- [Recorded data]:
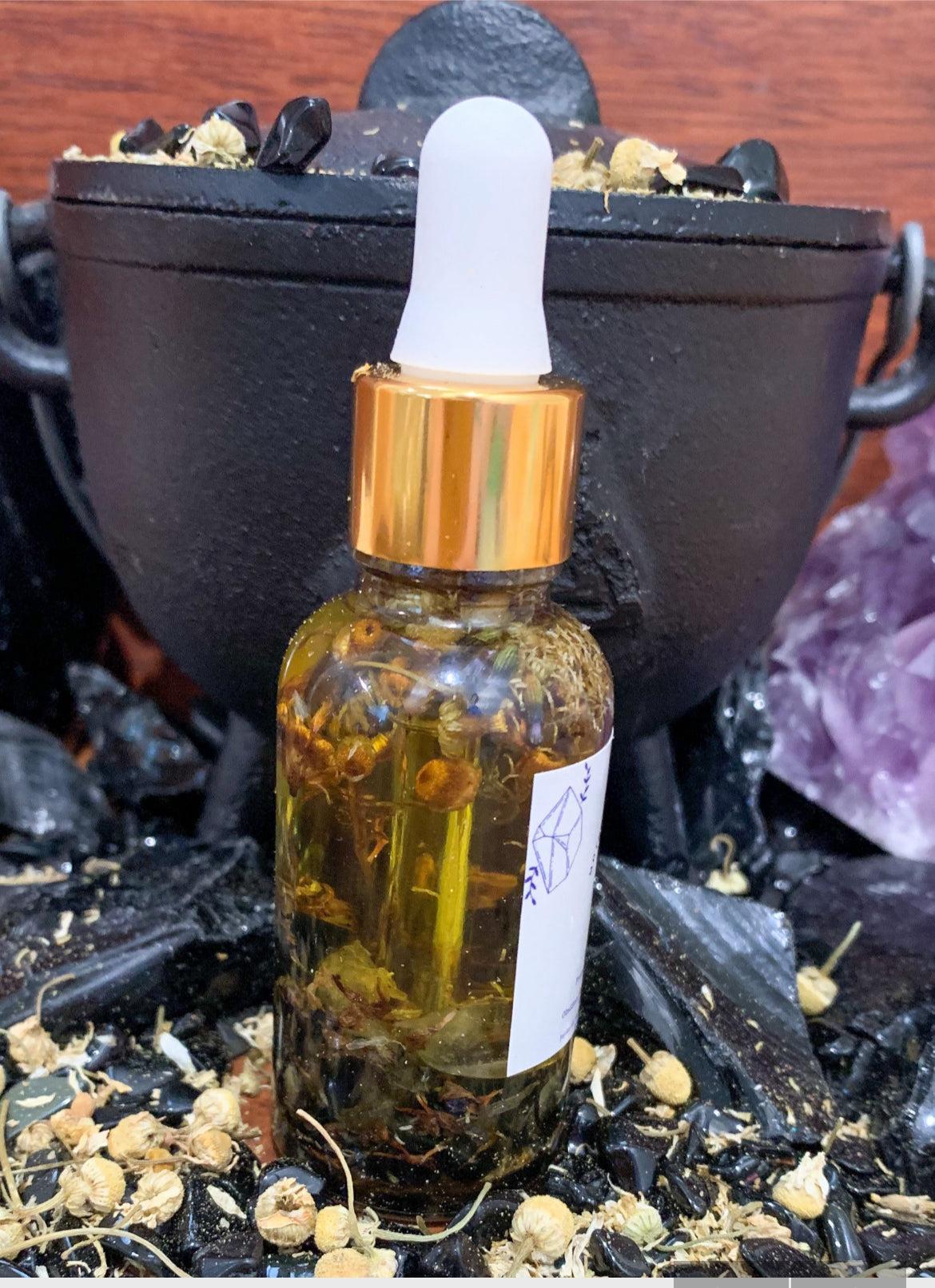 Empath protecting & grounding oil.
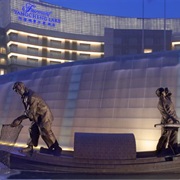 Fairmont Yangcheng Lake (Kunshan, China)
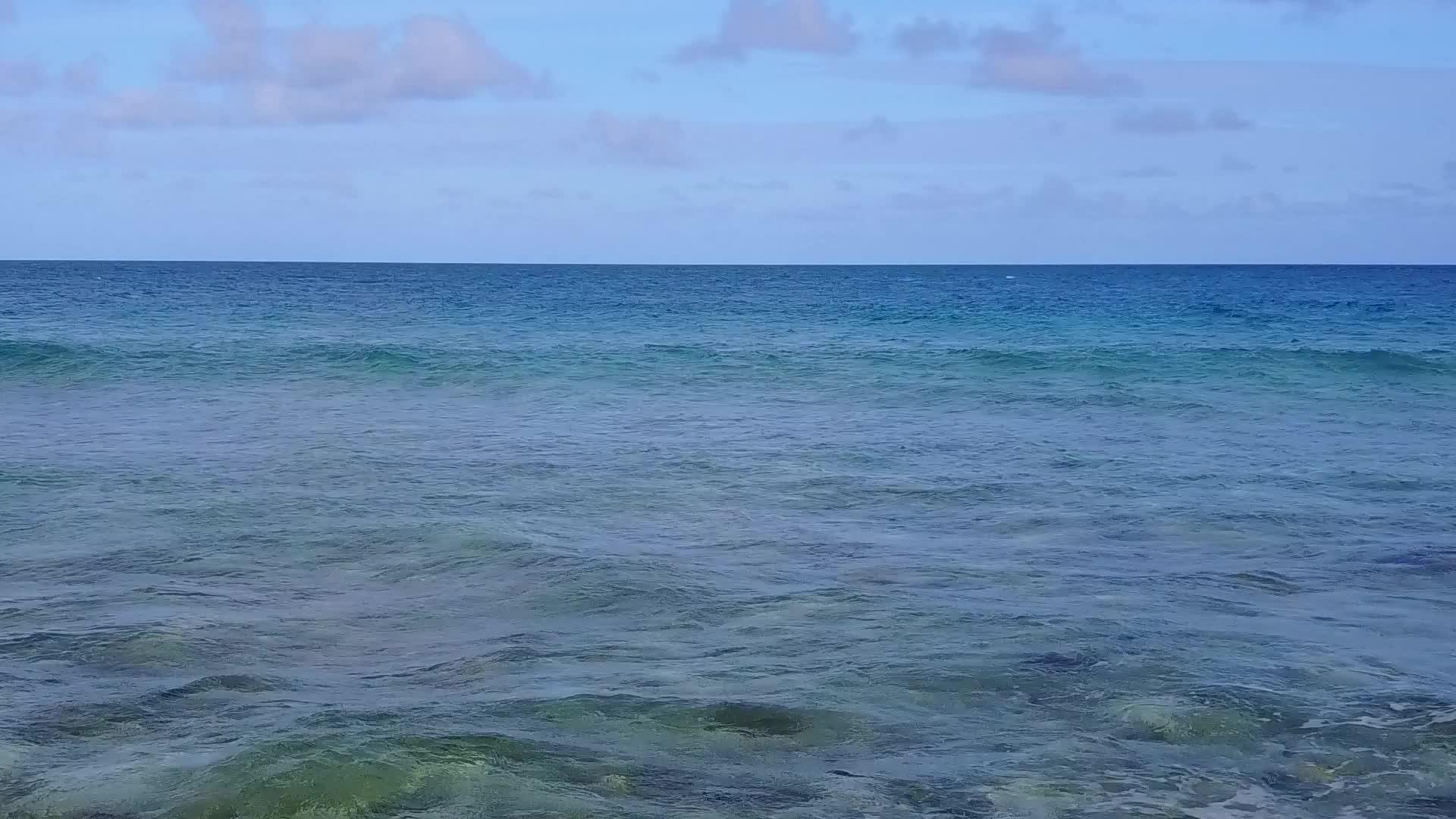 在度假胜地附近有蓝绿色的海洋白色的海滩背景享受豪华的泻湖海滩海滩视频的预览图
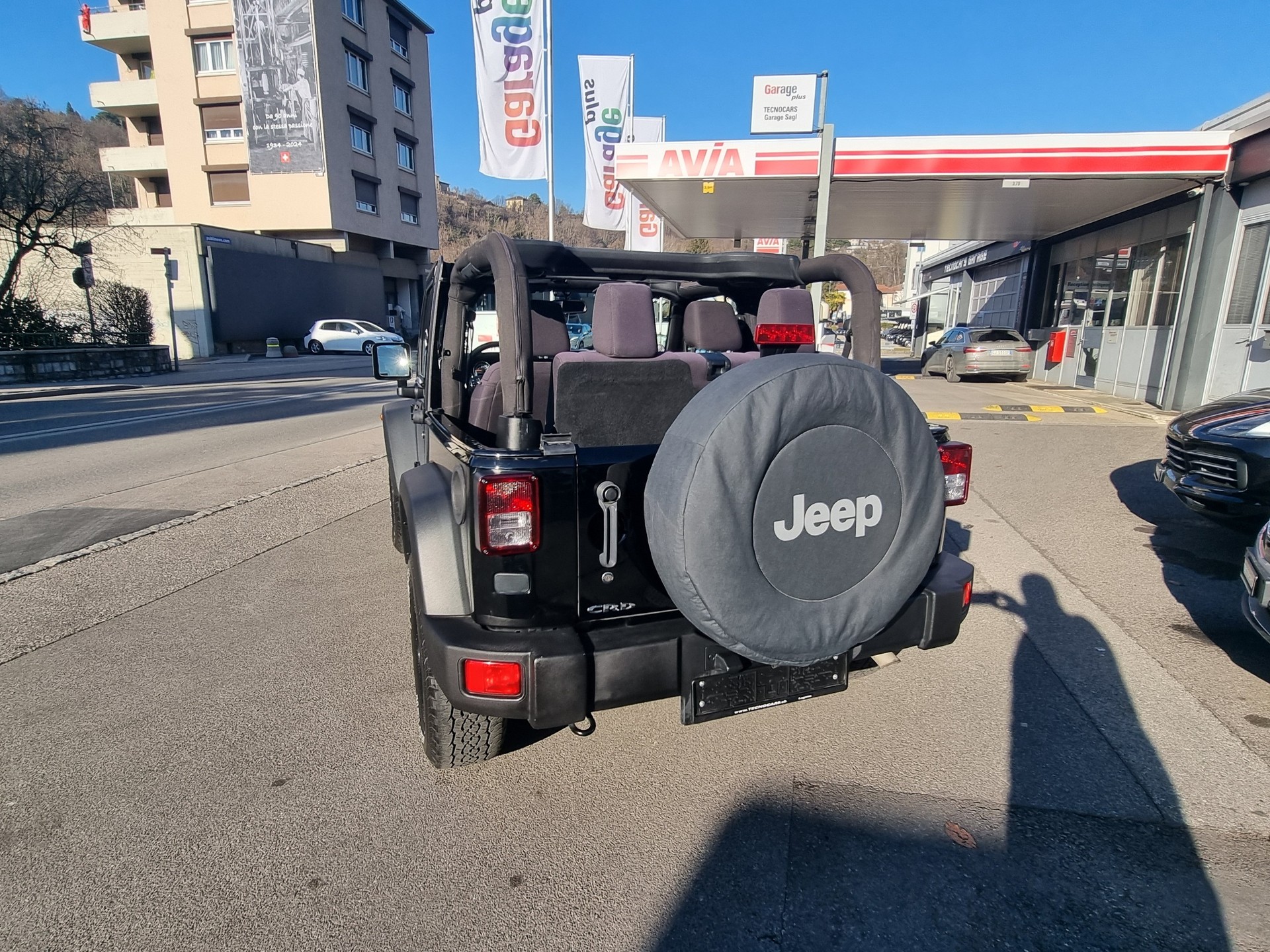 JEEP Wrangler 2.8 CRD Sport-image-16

- [Work request]:
Leave out the pictures, and retype exactly the lines from the one containing "在度假胜地附近有蓝绿色的海洋白色的海滩背景享受豪华的泻湖海滩海滩视频的预览图" through the last line of the data above, no more and no less.

- [Output]:
 在度假胜地附近有蓝绿色的海洋白色的海滩背景享受豪华的泻湖海滩海滩视频的预览图
 JEEP Wrangler 2.8 CRD Sport-image-16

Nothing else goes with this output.